U.S., China clash over ‘genocide’ claims in Xinjiang

Pompeo terms repression of Uighurs crimes against humanity; Beijing calls him ‘doomsday clown’

January 20, 2021 10:26 pm | Updated 10:26 pm IST

Under watch:  Guards standing outside  a “vocational skills education centre” in the Xinjiang region.

Under watch: Guards standing outside a “vocational skills education centre” in the Xinjiang region.

The United States has accused China of committing “genocide” and “crimes against humanity” against its minority Uighur Muslims in Xinjiang, a declaration that brought an angry response from Beijing.

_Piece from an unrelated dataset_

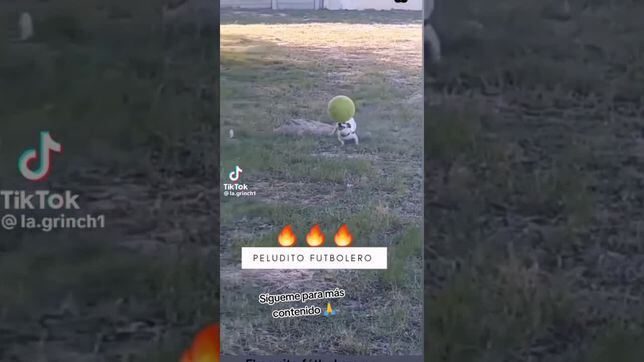 El perrito futbolero que ya es viral en redes por su forma de dominar el balón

The Donald Trump administration deciding, on its last day in office, to declare a “genocide” in Xinjiang was the final move capping a number of recent measures that have brought relations with China to a low,with both sides in recent days clashing over Taiwan, Hong Kong as well as sanctions on Chinese firms.

Mr. Trump’s successor, Joe Biden, during the election campaign last year also described what China was doing in Xinjiang, where around a million people have been forced to “re-education” centres, which authorities there have called “vocational training”, as a “genocide”.

The declaration by the U.S. will likely mean a continuation of sanctions, including a ban on imports of cotton and tomatoes from Xinjiang as well as designations of Chinese officials seen to be involved in the Xinjiang policy.

“After careful examination of the available facts,” outgoing Secretary of State Mike Pompeo said in a statement, “I have determined that since at least March 2017, the People’s Republic of China, under the direction and control of the Chinese Communist Party, has committed crimes against humanity”, including “severe deprivation of physical liberty of more than one million civilians, forced sterilisation, torture of a large number of those arbitrarily detained, forced labour, and the imposition of draconian restrictions on freedom of religion or belief, freedom of expression, and freedom of movement”.

He added that China had “committed genocide against the predominantly Muslim Uighurs and other ethnic and religious minority groups in Xinjiang” and “this genocide is ongoing, and that we are witnessing the systematic attempt to destroy Uighurs by the Chinese party-state”.

‘Piece of wastepaper’

The Chinese Foreign Ministry in Beijing slammed Mr. Pompeo, calling him a “doomsday clown”. The allegations were “outright sensational pseudo-propositions and a malicious farce concocted by individual anti-China and anti-Communist forces represented by Pompeo”, spokesperson Hua Chunying said, reported the Associated Press.

“In our view, Pompeo’s so-called designation is a piece of wastepaper,” she added. “This American politician, who is notorious for lying and deceiving, is turning himself into a doomsday clown and joke of the century with his last madness and lies of the century.”

As Mr. Trump leaves office, the Chinese State media and the experts have in recent days said they expected a return to more “smooth” relations and less unpredictability in ties, but major differences in the U.S.-China relations to broadly continue, as well as a greater focus from the Biden administration on human rights issues.